[Dataset excerpts]
====================
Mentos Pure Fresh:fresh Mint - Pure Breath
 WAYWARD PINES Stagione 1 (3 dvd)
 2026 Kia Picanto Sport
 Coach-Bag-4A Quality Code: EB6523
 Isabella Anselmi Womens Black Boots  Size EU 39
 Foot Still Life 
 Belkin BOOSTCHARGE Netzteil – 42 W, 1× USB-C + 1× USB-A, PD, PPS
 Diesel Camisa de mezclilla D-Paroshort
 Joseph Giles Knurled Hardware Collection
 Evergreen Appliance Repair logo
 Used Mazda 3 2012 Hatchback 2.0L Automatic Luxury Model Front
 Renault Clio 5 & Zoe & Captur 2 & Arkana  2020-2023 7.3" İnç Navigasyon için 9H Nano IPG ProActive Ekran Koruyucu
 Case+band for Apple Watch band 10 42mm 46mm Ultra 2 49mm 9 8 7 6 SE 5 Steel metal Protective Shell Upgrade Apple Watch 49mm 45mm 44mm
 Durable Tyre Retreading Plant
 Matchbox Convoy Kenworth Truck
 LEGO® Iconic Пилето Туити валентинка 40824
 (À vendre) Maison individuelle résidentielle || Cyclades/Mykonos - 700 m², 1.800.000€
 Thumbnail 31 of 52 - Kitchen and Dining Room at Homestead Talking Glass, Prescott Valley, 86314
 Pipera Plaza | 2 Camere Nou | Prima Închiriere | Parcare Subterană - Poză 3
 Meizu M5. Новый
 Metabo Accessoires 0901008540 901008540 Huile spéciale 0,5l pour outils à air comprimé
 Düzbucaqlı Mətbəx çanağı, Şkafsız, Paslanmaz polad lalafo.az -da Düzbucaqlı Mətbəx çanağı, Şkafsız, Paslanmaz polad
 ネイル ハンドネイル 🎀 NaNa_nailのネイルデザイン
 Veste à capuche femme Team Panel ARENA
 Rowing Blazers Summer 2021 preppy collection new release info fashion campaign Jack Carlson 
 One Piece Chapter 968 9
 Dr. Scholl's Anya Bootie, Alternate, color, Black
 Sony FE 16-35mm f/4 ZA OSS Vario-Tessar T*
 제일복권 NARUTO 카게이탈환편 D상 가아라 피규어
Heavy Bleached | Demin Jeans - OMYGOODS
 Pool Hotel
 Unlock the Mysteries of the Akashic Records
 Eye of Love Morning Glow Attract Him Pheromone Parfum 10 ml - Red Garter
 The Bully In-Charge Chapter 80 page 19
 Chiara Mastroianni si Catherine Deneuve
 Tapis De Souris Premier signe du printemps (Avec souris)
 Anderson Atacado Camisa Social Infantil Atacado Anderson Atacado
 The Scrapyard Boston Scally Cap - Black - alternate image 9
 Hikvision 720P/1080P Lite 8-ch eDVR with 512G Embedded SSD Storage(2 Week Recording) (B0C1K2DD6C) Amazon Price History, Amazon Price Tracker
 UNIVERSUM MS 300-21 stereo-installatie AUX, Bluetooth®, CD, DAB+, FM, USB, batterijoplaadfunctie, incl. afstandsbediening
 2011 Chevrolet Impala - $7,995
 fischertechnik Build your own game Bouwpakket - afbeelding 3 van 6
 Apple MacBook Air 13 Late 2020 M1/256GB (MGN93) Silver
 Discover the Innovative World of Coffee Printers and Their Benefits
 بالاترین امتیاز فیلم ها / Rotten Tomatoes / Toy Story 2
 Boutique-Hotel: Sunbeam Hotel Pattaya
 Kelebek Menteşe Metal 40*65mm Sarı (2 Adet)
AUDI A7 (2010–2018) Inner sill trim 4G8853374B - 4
====================
In the data above, find the line that contains "WAYWARD PINES Stagione 1 (3 dvd)" and the line that contains "Unlock the Mysteries of the Akashic Records". Repeat exactly those lines and every line between them, and only those.

* [WRITTEN REPLY]:
 WAYWARD PINES Stagione 1 (3 dvd)
 2026 Kia Picanto Sport
 Coach-Bag-4A Quality Code: EB6523
 Isabella Anselmi Womens Black Boots  Size EU 39
 Foot Still Life 
 Belkin BOOSTCHARGE Netzteil – 42 W, 1× USB-C + 1× USB-A, PD, PPS
 Diesel Camisa de mezclilla D-Paroshort
 Joseph Giles Knurled Hardware Collection
 Evergreen Appliance Repair logo
 Used Mazda 3 2012 Hatchback 2.0L Automatic Luxury Model Front
 Renault Clio 5 & Zoe & Captur 2 & Arkana  2020-2023 7.3" İnç Navigasyon için 9H Nano IPG ProActive Ekran Koruyucu
 Case+band for Apple Watch band 10 42mm 46mm Ultra 2 49mm 9 8 7 6 SE 5 Steel metal Protective Shell Upgrade Apple Watch 49mm 45mm 44mm
 Durable Tyre Retreading Plant
 Matchbox Convoy Kenworth Truck
 LEGO® Iconic Пилето Туити валентинка 40824
 (À vendre) Maison individuelle résidentielle || Cyclades/Mykonos - 700 m², 1.800.000€
 Thumbnail 31 of 52 - Kitchen and Dining Room at Homestead Talking Glass, Prescott Valley, 86314
 Pipera Plaza | 2 Camere Nou | Prima Închiriere | Parcare Subterană - Poză 3
 Meizu M5. Новый
 Metabo Accessoires 0901008540 901008540 Huile spéciale 0,5l pour outils à air comprimé
 Düzbucaqlı Mətbəx çanağı, Şkafsız, Paslanmaz polad lalafo.az -da Düzbucaqlı Mətbəx çanağı, Şkafsız, Paslanmaz polad
 ネイル ハンドネイル 🎀 NaNa_nailのネイルデザイン
 Veste à capuche femme Team Panel ARENA
 Rowing Blazers Summer 2021 preppy collection new release info fashion campaign Jack Carlson 
 One Piece Chapter 968 9
 Dr. Scholl's Anya Bootie, Alternate, color, Black
 Sony FE 16-35mm f/4 ZA OSS Vario-Tessar T*
 제일복권 NARUTO 카게이탈환편 D상 가아라 피규어
Heavy Bleached | Demin Jeans - OMYGOODS
 Pool Hotel
 Unlock the Mysteries of the Akashic Records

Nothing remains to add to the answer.